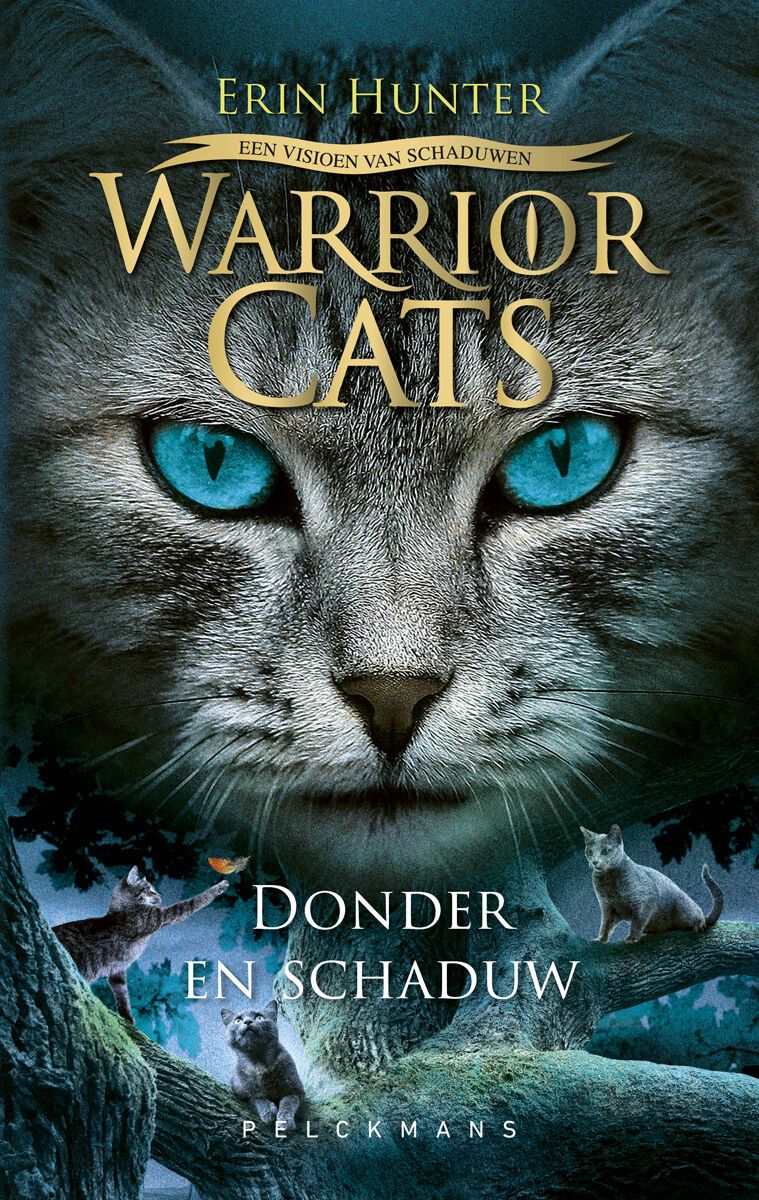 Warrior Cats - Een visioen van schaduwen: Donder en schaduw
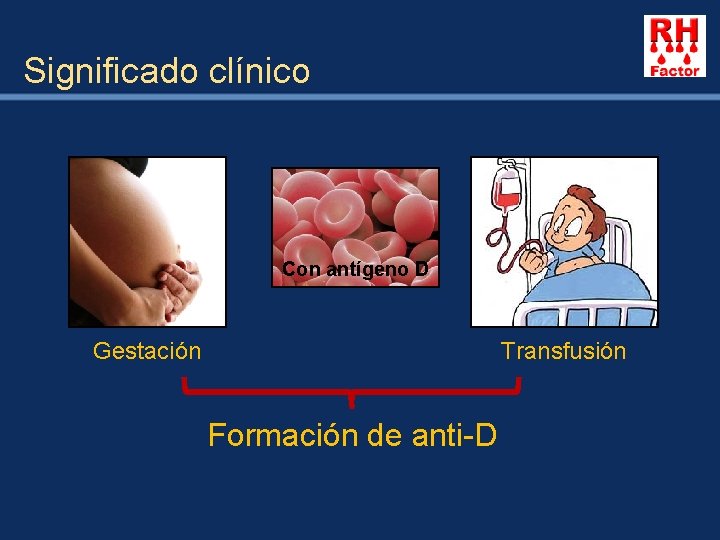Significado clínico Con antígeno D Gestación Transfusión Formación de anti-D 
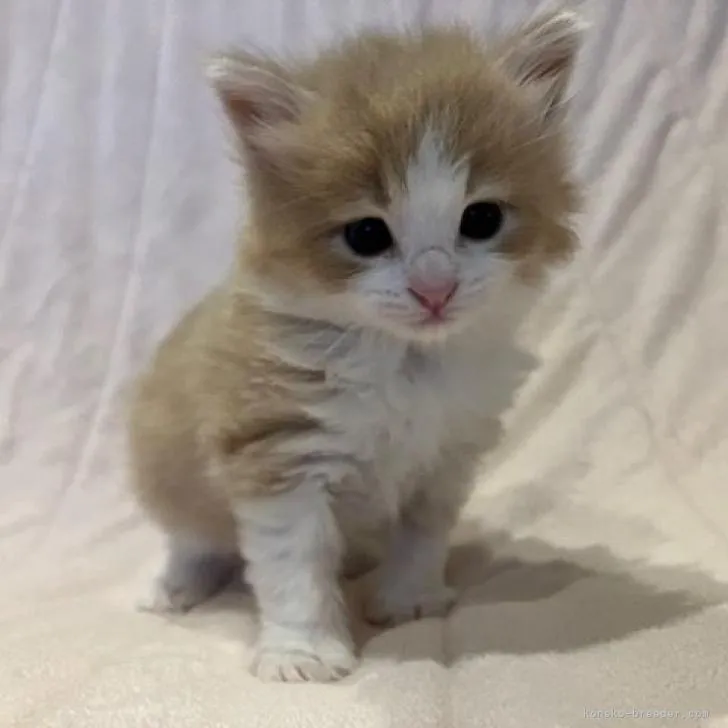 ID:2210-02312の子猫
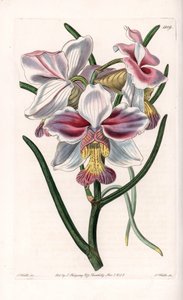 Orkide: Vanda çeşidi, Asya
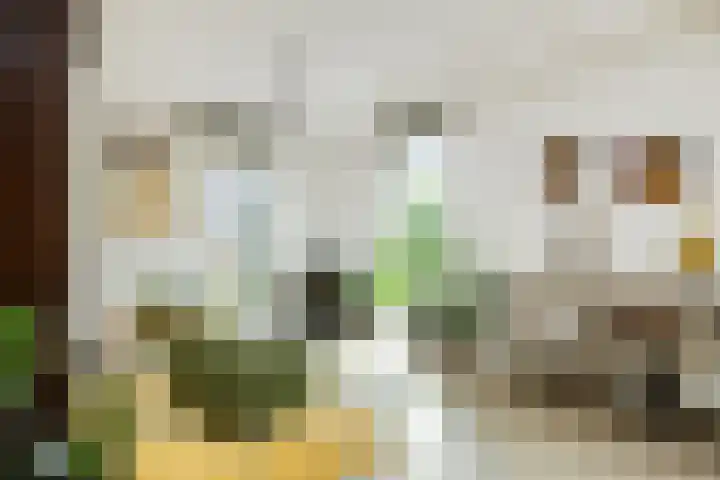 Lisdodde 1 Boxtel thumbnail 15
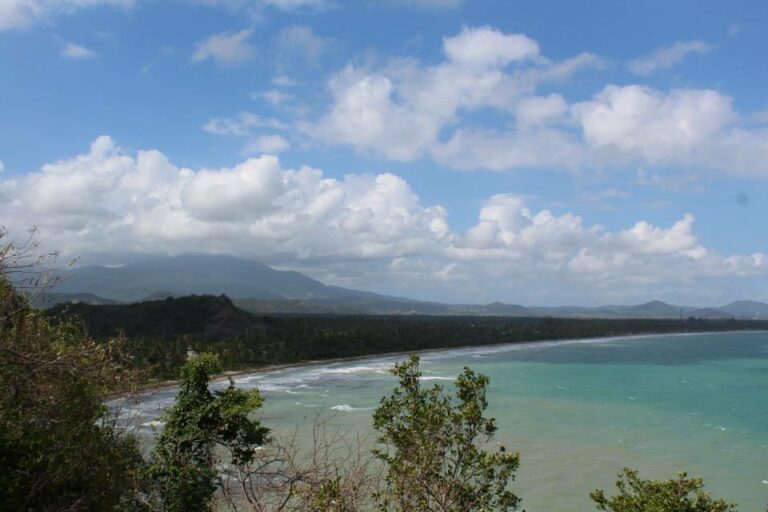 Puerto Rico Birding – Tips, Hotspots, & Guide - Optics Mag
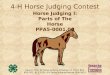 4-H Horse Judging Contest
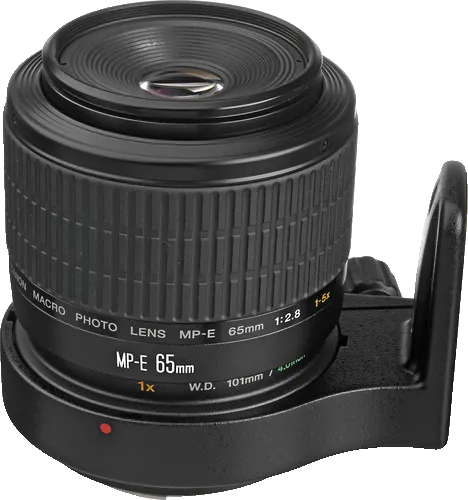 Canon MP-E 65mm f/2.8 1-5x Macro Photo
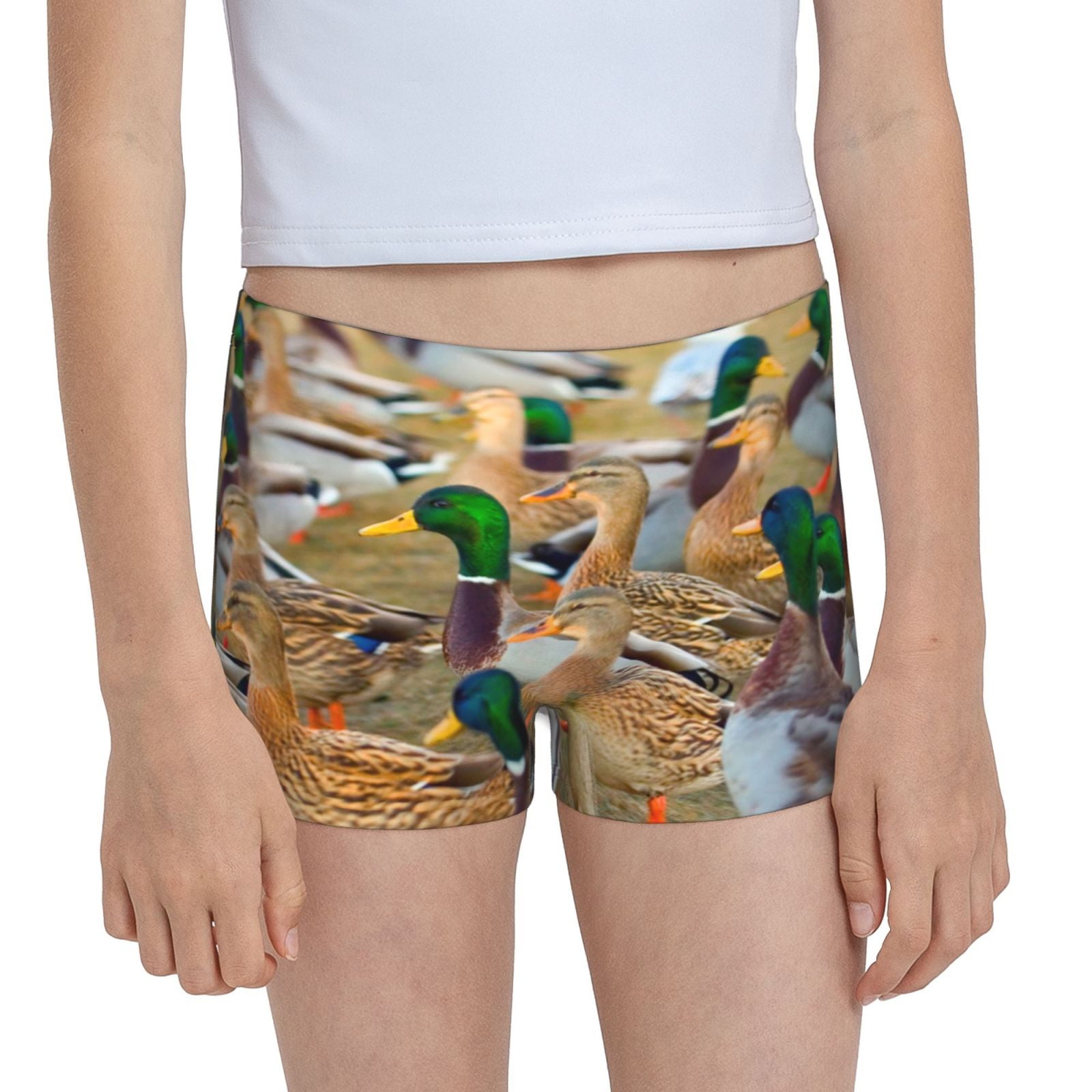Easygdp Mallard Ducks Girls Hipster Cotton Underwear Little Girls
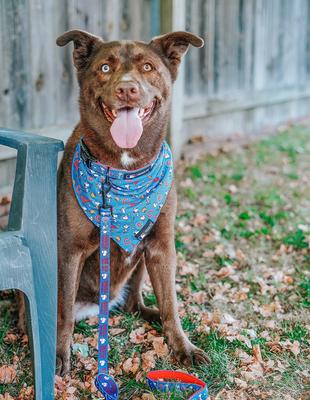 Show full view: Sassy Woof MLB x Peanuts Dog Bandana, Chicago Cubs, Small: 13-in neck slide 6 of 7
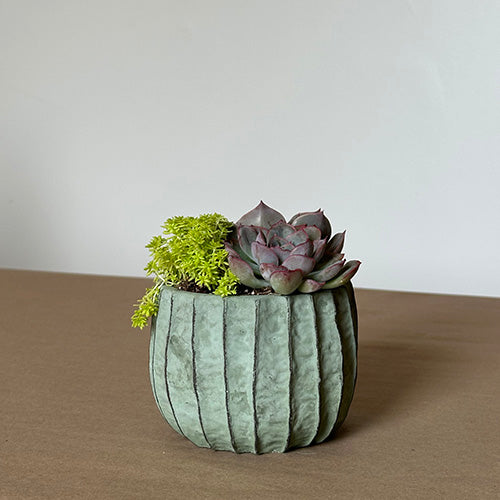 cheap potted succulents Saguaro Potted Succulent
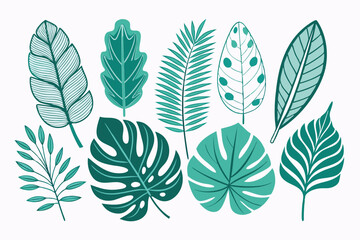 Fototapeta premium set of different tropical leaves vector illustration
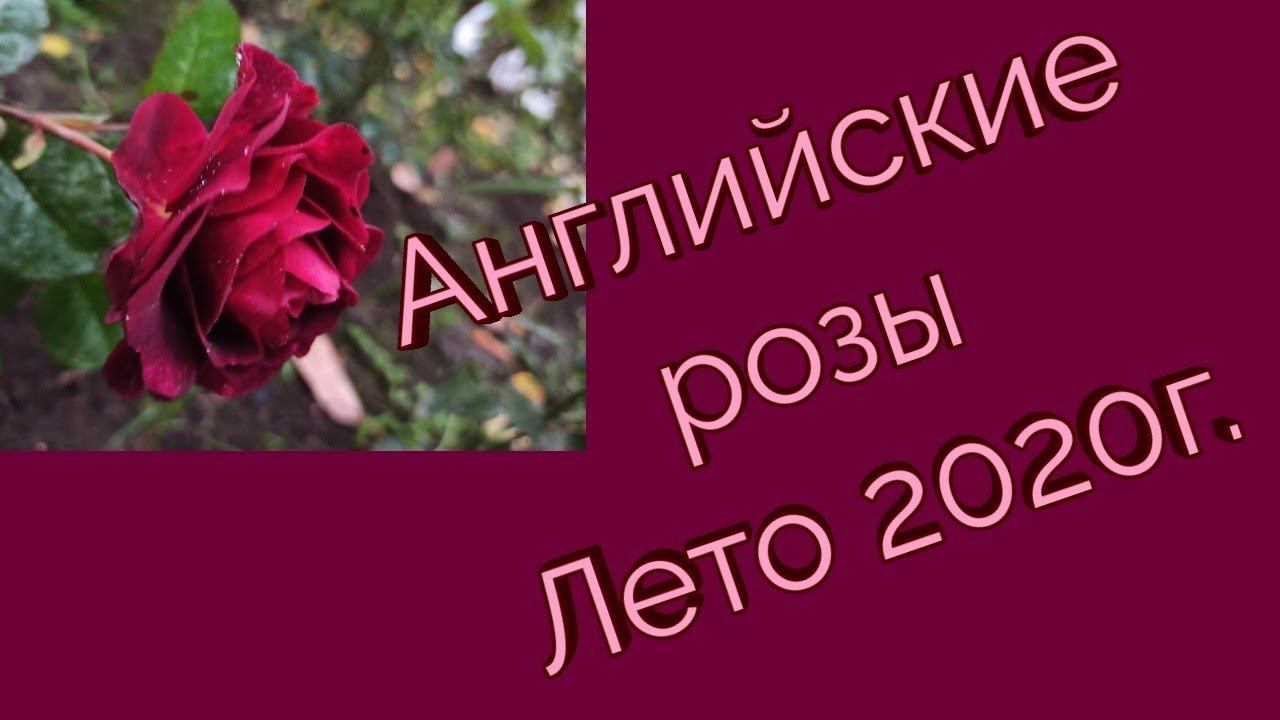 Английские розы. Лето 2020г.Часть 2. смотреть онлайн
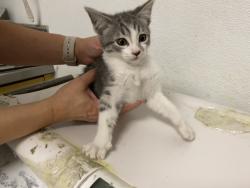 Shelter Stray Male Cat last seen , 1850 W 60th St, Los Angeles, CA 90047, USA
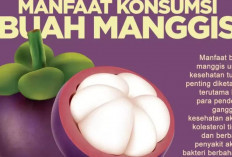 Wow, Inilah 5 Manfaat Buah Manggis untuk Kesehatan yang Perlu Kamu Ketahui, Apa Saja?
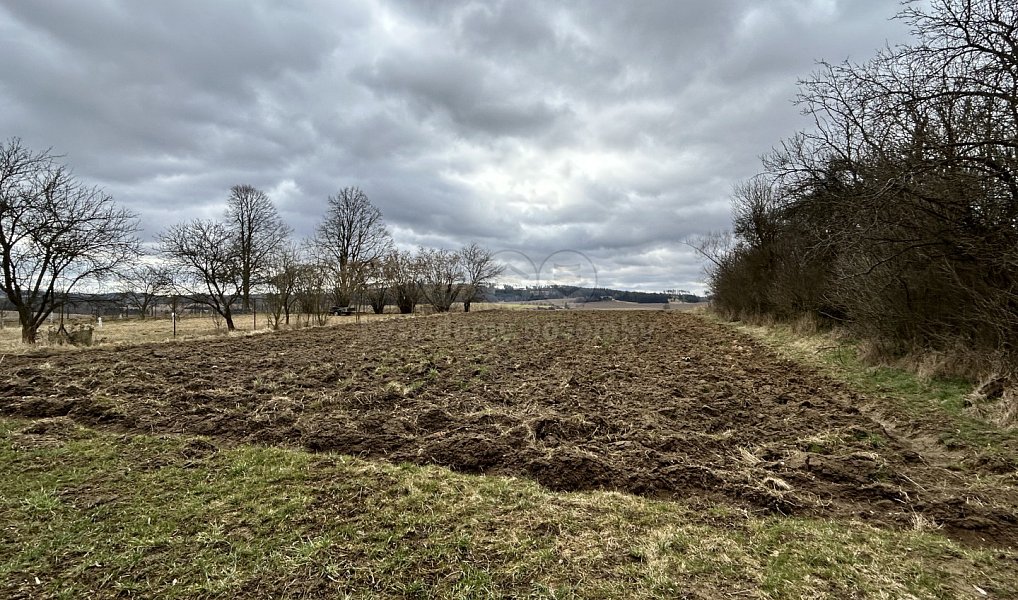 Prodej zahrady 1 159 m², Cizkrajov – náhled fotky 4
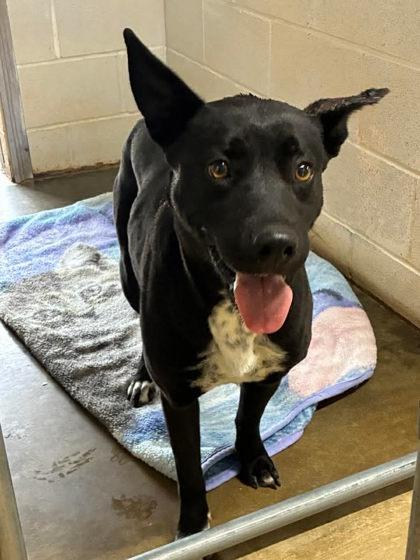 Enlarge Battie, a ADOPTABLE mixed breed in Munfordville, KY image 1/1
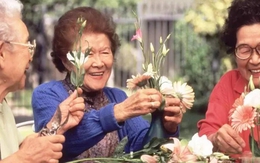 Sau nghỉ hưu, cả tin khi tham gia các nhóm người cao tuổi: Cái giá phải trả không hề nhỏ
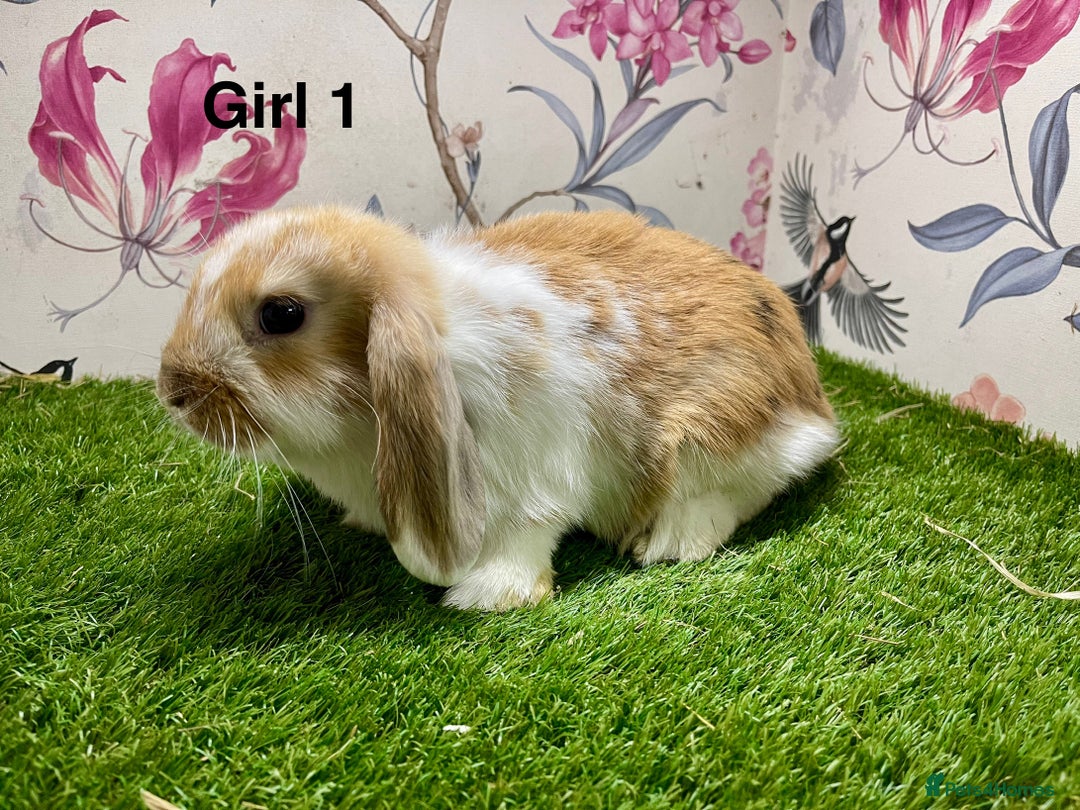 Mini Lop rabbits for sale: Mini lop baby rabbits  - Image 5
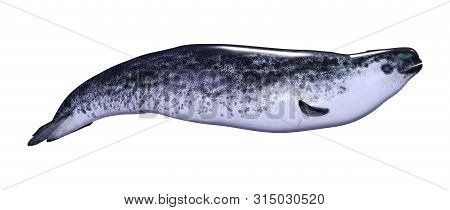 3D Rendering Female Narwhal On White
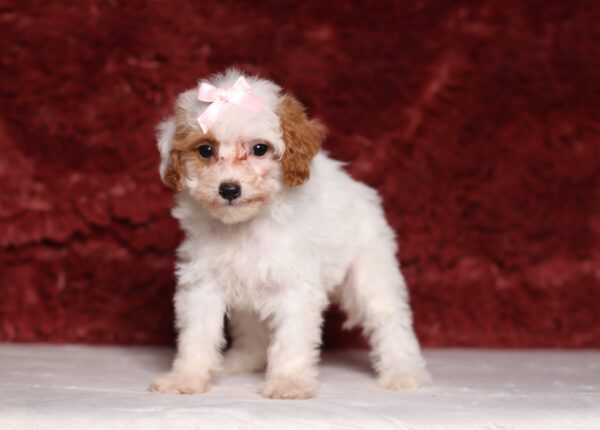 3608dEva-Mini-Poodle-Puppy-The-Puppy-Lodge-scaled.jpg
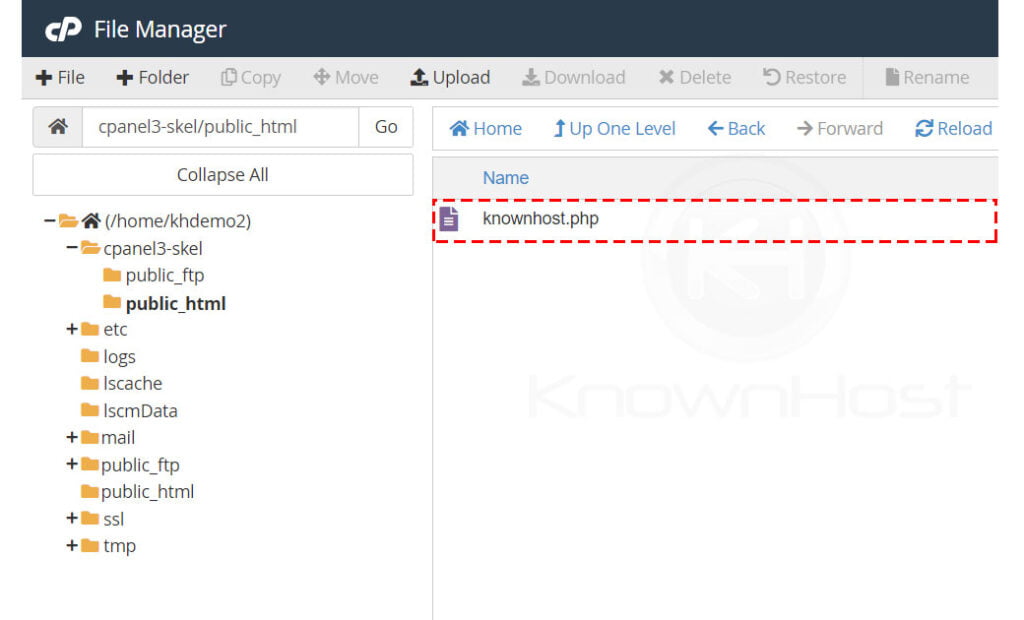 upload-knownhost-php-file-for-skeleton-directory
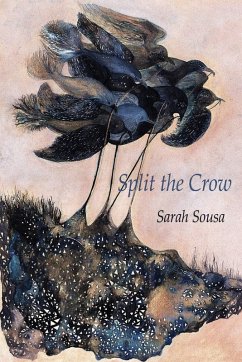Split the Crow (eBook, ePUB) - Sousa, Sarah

____________________

EXERCISE REQUIREMENTS:
An exact retyping of the material, minus the pictures, is the required answer.

OUTPUT FOR THIS EXERCISE:
 Warrior Cats - Een visioen van schaduwen: Donder en schaduw
Significado clínico Con antígeno D Gestación Transfusión Formación de anti-D 
 ID:2210-02312の子猫
 Orkide: Vanda çeşidi, Asya
 Lisdodde 1 Boxtel thumbnail 15
 Puerto Rico Birding – Tips, Hotspots, & Guide - Optics Mag
 4-H Horse Judging Contest
 Canon MP-E 65mm f/2.8 1-5x Macro Photo
Easygdp Mallard Ducks Girls Hipster Cotton Underwear Little Girls
 Show full view: Sassy Woof MLB x Peanuts Dog Bandana, Chicago Cubs, Small: 13-in neck slide 6 of 7
 cheap potted succulents Saguaro Potted Succulent
 Fototapeta premium set of different tropical leaves vector illustration
 Английские розы. Лето 2020г.Часть 2. смотреть онлайн
 Shelter Stray Male Cat last seen , 1850 W 60th St, Los Angeles, CA 90047, USA
 Wow, Inilah 5 Manfaat Buah Manggis untuk Kesehatan yang Perlu Kamu Ketahui, Apa Saja?
 Prodej zahrady 1 159 m², Cizkrajov – náhled fotky 4
 Enlarge Battie, a ADOPTABLE mixed breed in Munfordville, KY image 1/1
 Sau nghỉ hưu, cả tin khi tham gia các nhóm người cao tuổi: Cái giá phải trả không hề nhỏ
 Mini Lop rabbits for sale: Mini lop baby rabbits  - Image 5
 3D Rendering Female Narwhal On White
 3608dEva-Mini-Poodle-Puppy-The-Puppy-Lodge-scaled.jpg
 upload-knownhost-php-file-for-skeleton-directory
Split the Crow (eBook, ePUB) - Sousa, Sarah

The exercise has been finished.